Over a more sheltered lunch in Paris, the 57 year-old CEO fires off the other spots that offer the most wind power potential. All are within Theolia’s sights: the North Sea, where the wind blows stiffly and consistently for 4,000 hours a year; France, up to 3,000 hours; Germany, up to 2,200 hours; China, India, and Pakistan. The Tangiers coastline racks up 5,000 hours of gusts a year. Santander’s ambitious plan is to increase Theolia’s capacity six-fold and sell the resulting electricity throughout Europe.

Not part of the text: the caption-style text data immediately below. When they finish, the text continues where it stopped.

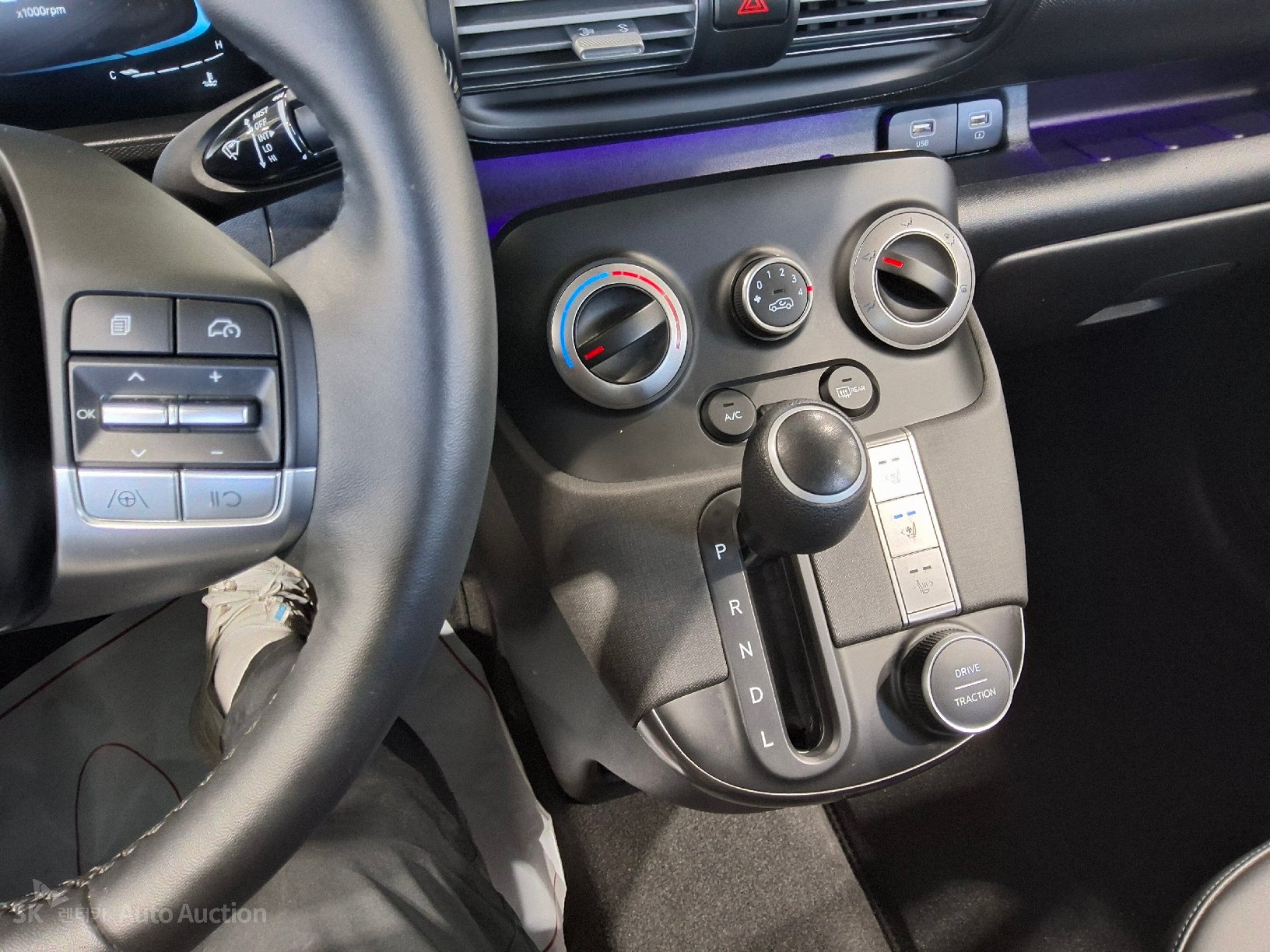 2023 - hyundai casper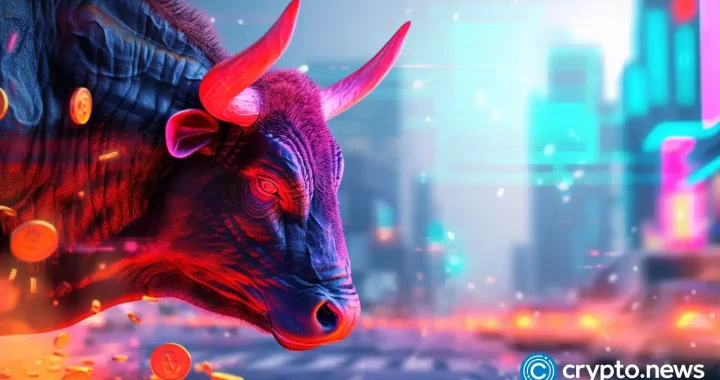 Stader crypto price is nearing $1; how high can SD go?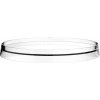 LAUFEN Kartell plastový disk, priemer 185 mm, H3983350840011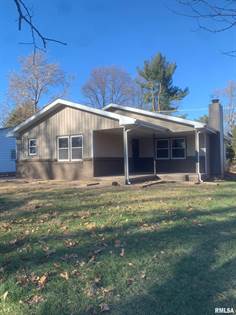 Residential Property for sale in 1609 W Iles Avenue, Springfield, IL, 62704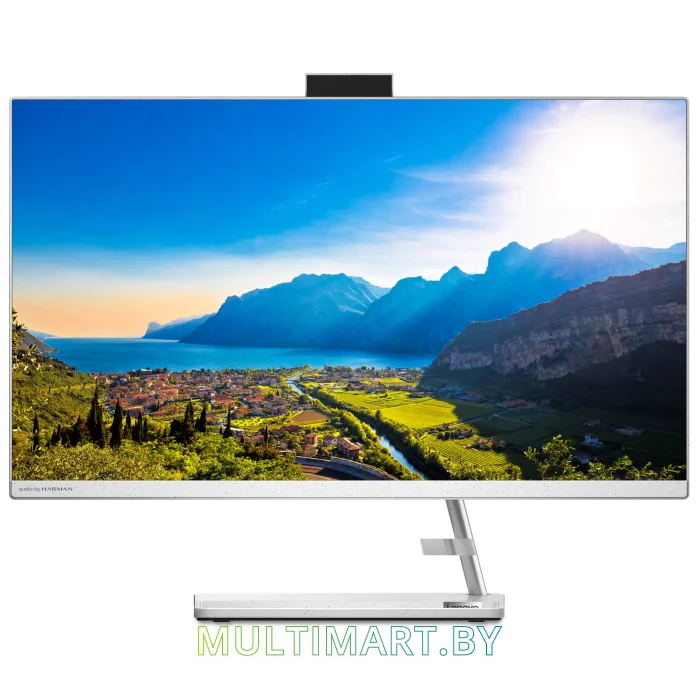 Моноблок Lenovo IdeaCentre 3 27ITL6 (F0FW00LDRK)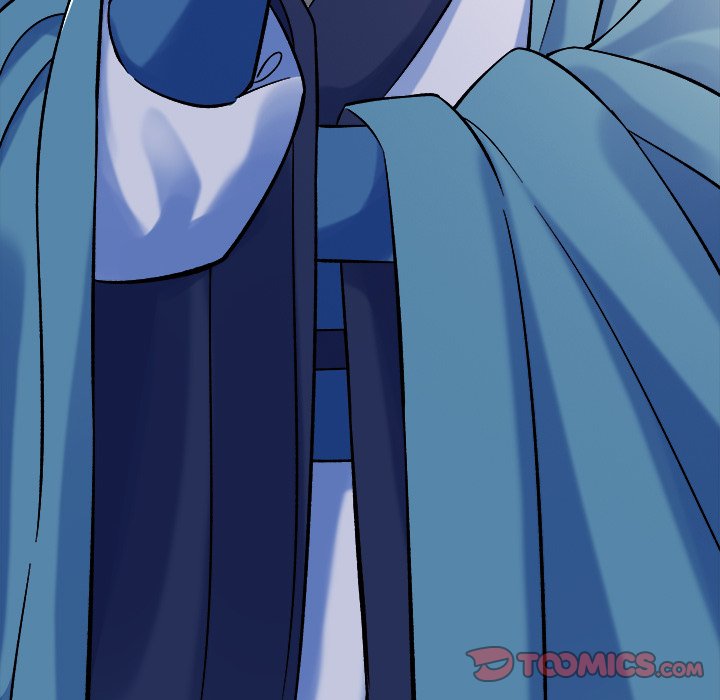 Read My Lovely Disciples chapter 42 image 38 on Lezhin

Of all the forms of renewable energy, European analysts say wind is the most “scaleable” – meaning the right system of incentives and subsidies are in place. Wind turbine technology is efficient, which, coupled with EU edicts for countries to produce 21% of electricity from renewable sources by 2010, is fanning a regional investment boom. What’s more, after years of experience, developers are now savvy about managing costs.
France could be become Euope’s third largest wind power nation (after Germany and Spain) within a decade and analysts say that within a year Theolia will figure among the country’s top five wind developers.
“Theolia has a huge pipeline,” says Eduard Sala de Vedruna, senior analyst at the European Wind Energy Advisory Group, part of Barcelona-based Emerging Energy Research. “It is well-positioned with partner GE to finance growth. It’s quite dynamic and aggressive – it doesn’t mind taking risks.”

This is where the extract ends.